Getting talents was also another major challenge that kept Rotimi frustrated. Inasmuch as people say there’s unemployment, the truth is in the rural areas, not everybody is willing to work. And he went into the business with the mindset that they were going to use more of labour and less of machines in order to create employment. However, the cost became too much. The labourers became slow and inefficient. Generally, the work ethic was poor and there were issues of theft. However, accepting the help of a security guard to bring his female relatives to the farm changed the modus operandi.

 

The Farm-Out-Of-Poverty Initiative

“For me, it’s one of the things I’ve done that gives me the greatest joy,” Rotimi stated with a smile and sense of gratitude.“What we did was we took a group of people no one believed could do anything in Agriculture and proved that they were better than most people at it.”

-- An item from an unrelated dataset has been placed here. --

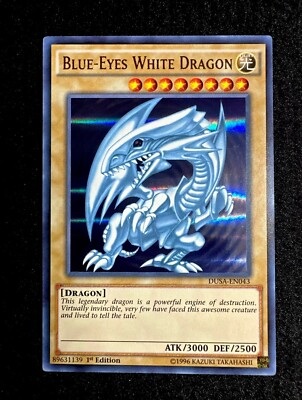 🔥 YUGIOH • BLUE EYES WHITE DRAGON • ULTRA RARE • 1st • DUSA-EN043 • NM 🔥-image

The Fulani women were perceived as being only good enough for selling milk on the road. But when they arrived on the farm, they grew to understand the crop they were planting and were ready to take on their own farms. However, none of it was planned.

The community was quite structured. They had a development board that could mobilize people. So getting hands wasn’t an issue and the Fulani men didn’t need training because most of them were already small scale farmers.

During planting time, the men they employed accepted about 500 Naira per day. But at harvest time, being that they saw the urgency for Kereksuk Farm to harvest quickly, these men tripled their prices, including the time taken to clear the land. So if they were to clear in one day, they did it in three days, collecting thrice the amount per day. It became too expensive and at a point, Rotimi and his team had to leave Nasarawa to Niger state in search of labourers.

On seeing the issue at hand, the Farm’s security guard offered to bring his sister, wife and others to do the work. The next day, 50 women showed up and they worked amazingly well. Rotimi requested for more and the numbers kept increasing.

As a result, they created a program where the women were taught the planting cycles – from planting to harvest for both dry and wet seasons. A part of the land and resources were allocated to them to develop and afterwards, they could sell back to Kereksuk Farm.

The initiative didn’t run fully in 2017 because of the need to put a few things into perspective. “I had to procrastinate on some things. So for me procrastination is fantastic. It’s a gift, so I procrastinate a lot,” Rotimi gleefully stated. “The time you spend thinking about a particular thing helps you see a lot more details that others are blind to.”

For Rotimi, farming is a lifestyle. So it only makes sense to get it right. There’s no harm in stopping, tweaking the strategy and moving on.

 

Opportunities in Agriculture

With Agriculture moving at a very fast pace, more farms will spring up and there will be less available land for cattle to graze on. For this reason, dairy and beef production will become a necessity in the nearest future.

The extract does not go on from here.